What the exercise asks
Copy word for word the lines of the records below, beginning at the one with "Розово-фиолетовый футбольный галстук" and finishing at the one with "Tričko The Real Boss - dámské (Velikost: 2XL", ends included, but none of the pictures.

Exercise inputs

------------------------------------

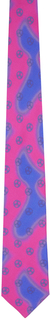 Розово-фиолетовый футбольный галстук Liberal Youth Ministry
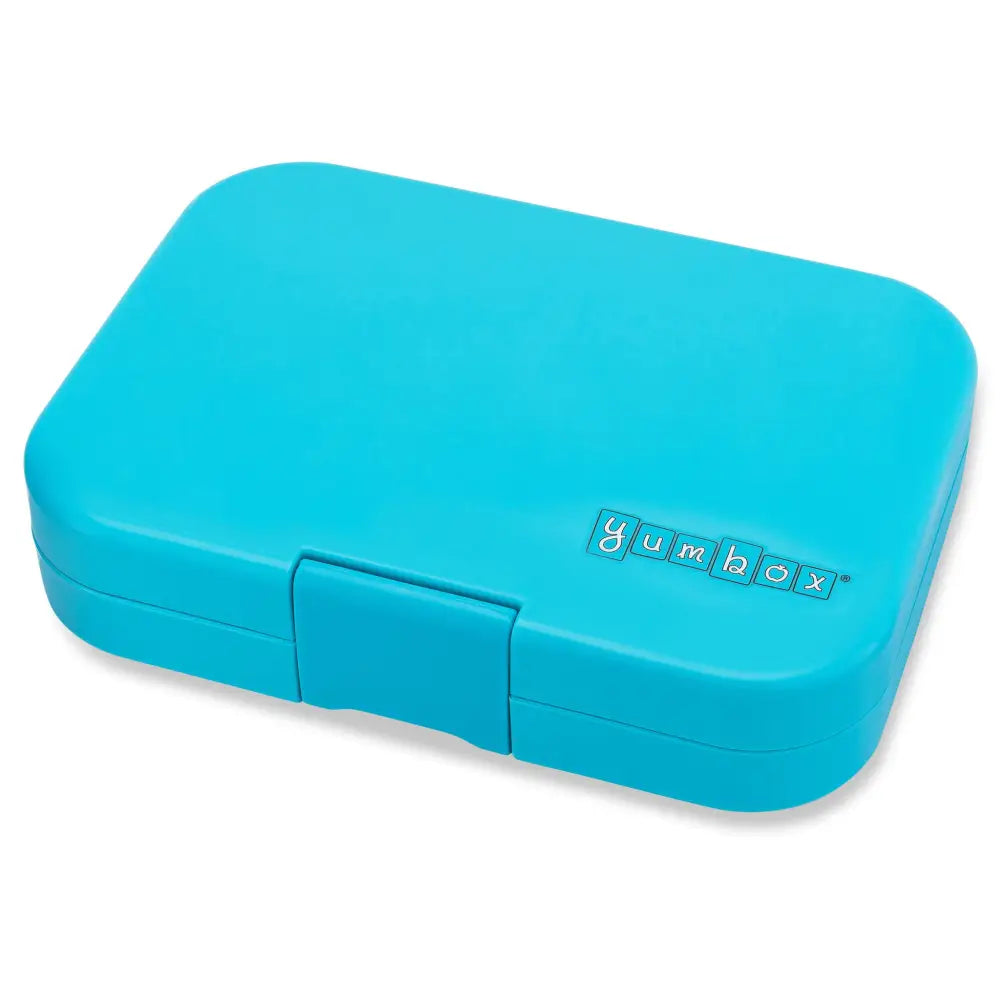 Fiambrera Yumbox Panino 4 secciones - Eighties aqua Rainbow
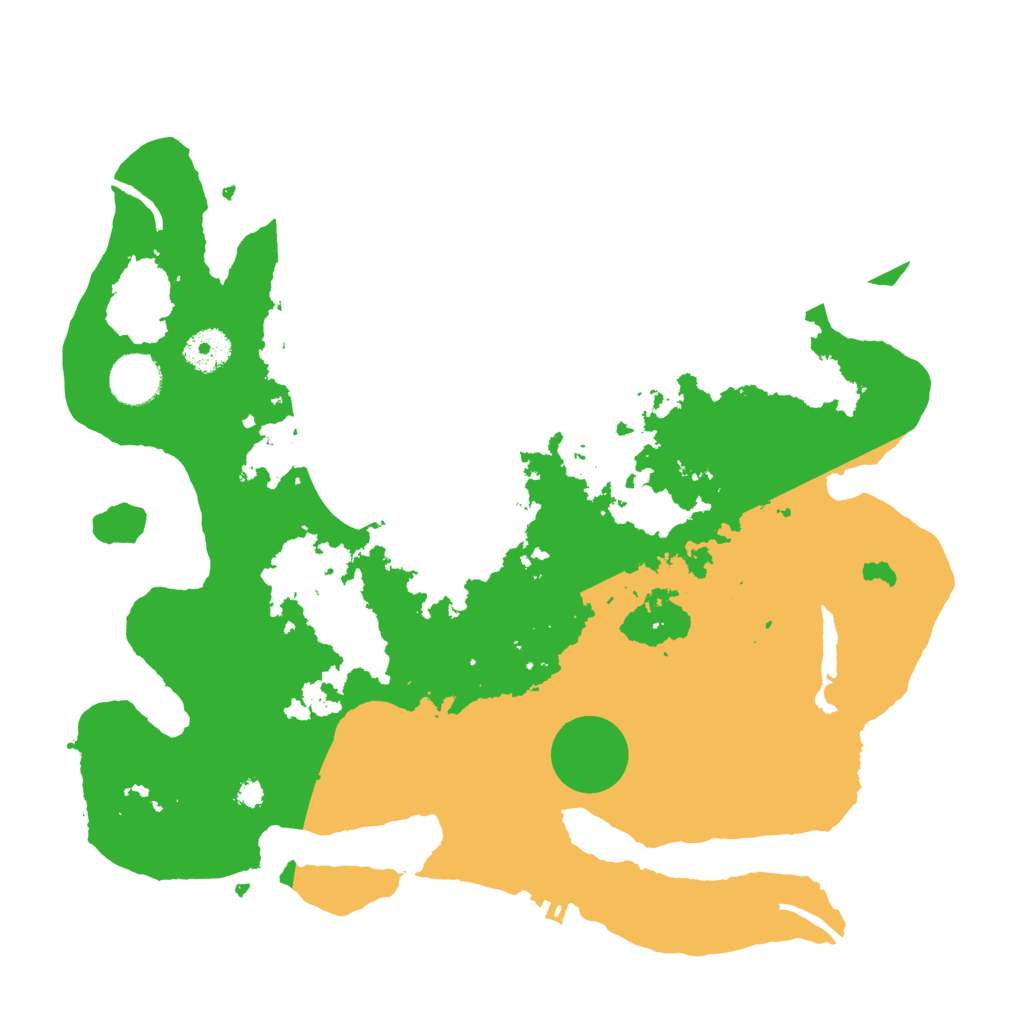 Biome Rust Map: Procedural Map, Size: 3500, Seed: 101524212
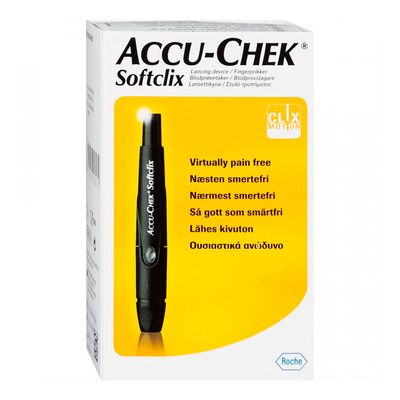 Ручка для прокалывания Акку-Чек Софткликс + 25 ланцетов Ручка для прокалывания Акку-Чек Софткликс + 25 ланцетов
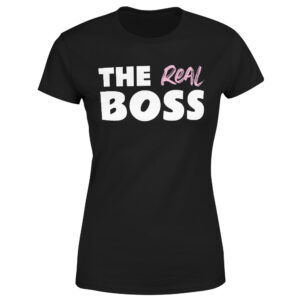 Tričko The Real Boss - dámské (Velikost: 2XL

------------------------------------

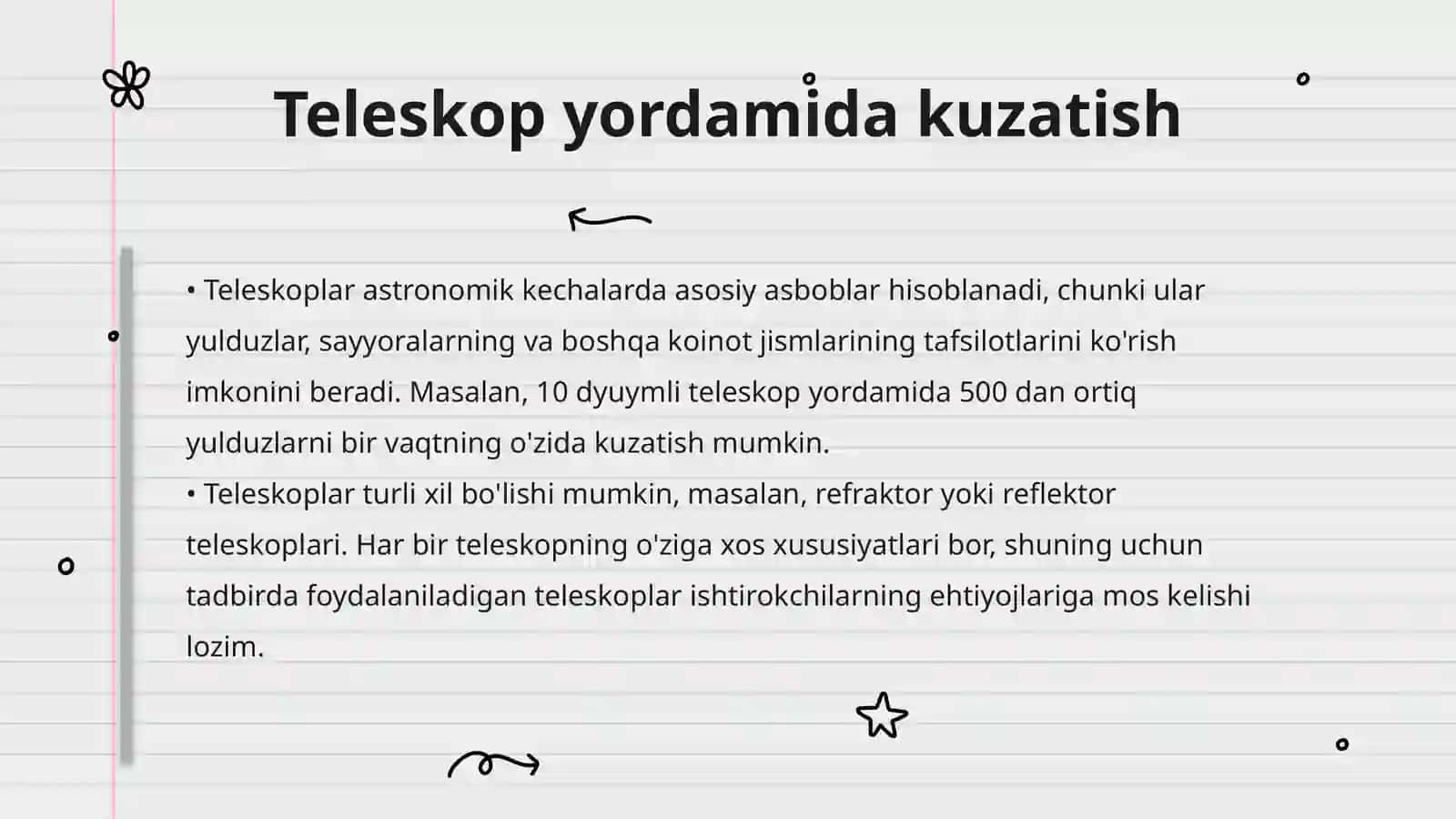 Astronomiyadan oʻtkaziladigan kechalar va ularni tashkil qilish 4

------------------------------------

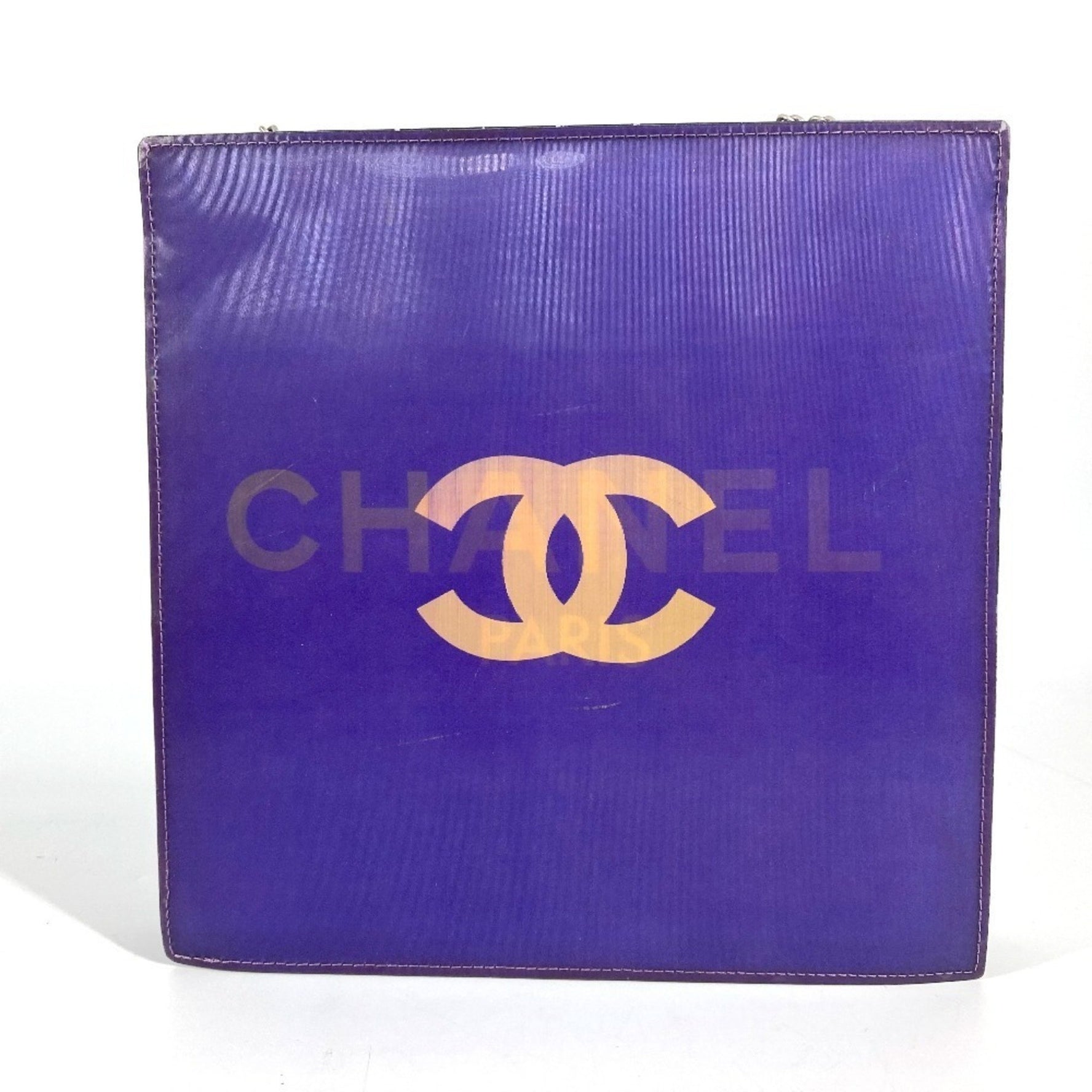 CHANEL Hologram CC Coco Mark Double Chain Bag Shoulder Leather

------------------------------------

Answer for this exercise
 Розово-фиолетовый футбольный галстук Liberal Youth Ministry
 Fiambrera Yumbox Panino 4 secciones - Eighties aqua Rainbow
 Biome Rust Map: Procedural Map, Size: 3500, Seed: 101524212
 Ручка для прокалывания Акку-Чек Софткликс + 25 ланцетов Ручка для прокалывания Акку-Чек Софткликс + 25 ланцетов
 Tričko The Real Boss - dámské (Velikost: 2XL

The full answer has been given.